Il est difficile de dire s’il y eut jamais un temps plus malheureux depuis les inondations des Barbares au cinquième siècle. Les papes étaient chassés de Rome ; la guerre civile désolait toute l’Allemagne ; les guelfes et les gibelins déchiraient l’Italie ; la reine de Naples, Jeanne, après avoir étranglé son mari, fut étranglée elle-même ; Edouard III ruinait la France où il voulait régner ; et enfin la peste, comme on le verra, fit périr une partie des hommes échappés au glaive et à la misère.
Louis de Bavière meurt d’apoplexie le 21 octobre auprès d’Augsbourg. Des auteurs disent qu’il fut empoisonné par une duchesse d’Autriche. Le prêtre André et d’autres prétendent que cette duchesse d’Autriche est la même qui avait quitté son mari pour le fils de l’empereur. Il fallait que les historiens de ce temps-là eussent une grande haine pour les princes : ils les font presque tous empoisonner. Un Hocsemius s’exprime ainsi : « L’empereur bavarois, le damné, meurt d’un poison donné par la duchesse d’Ostrogothie ou d’Autriche, femme du duc Albert. » Struvius dit qu’on prétend qu’il fut empoisonné par une duchesse d’Autriche nommée Anne. Voilà donc trois prétendues duchesses d’Autriche différentes accusées de cette mort, sans la moindre apparence. C’est ainsi qu’on écrivait autrefois l’histoire. On croirait en lisant le P. Barre (2) que Louis de Bavière fut empoisonné par une quatrième princesse nommée Maultasch : mais c’est qu’en allemand maultasch signifie grande bouche ou bouche difforme ; et cette princesse est précisément cette Marguerite, bru de l’empereur. Il s’intitulait Louis IV, et non pas Louis V, parce qu’il ne comptait pas Louis IV, surnommé l’Enfant, parmi les empereurs.
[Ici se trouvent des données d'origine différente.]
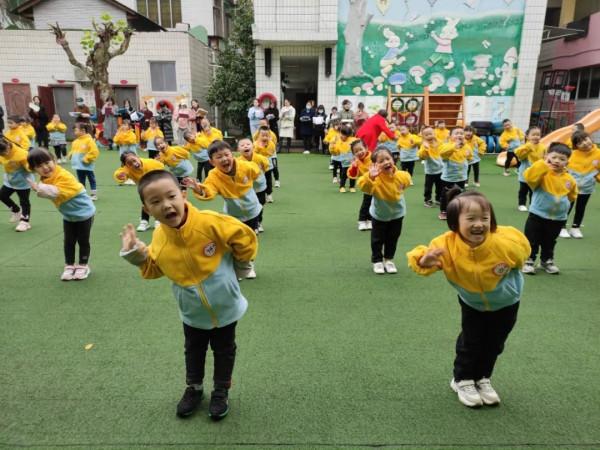 樂至縣幼兒園：“早”尋活力 操練快樂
Ce fut lui qui donna lieu à l’invention de l’aigle à deux têtes : il y avait deux aigles dans ses sceaux ; et les deux têtes d’aigle qu’on a presque toujours conservées depuis, supposent aussi deux corps, dont l’un est caché par l’autre. Le caprice des ouvriers a décidé de presque toutes les armoiries des souverains.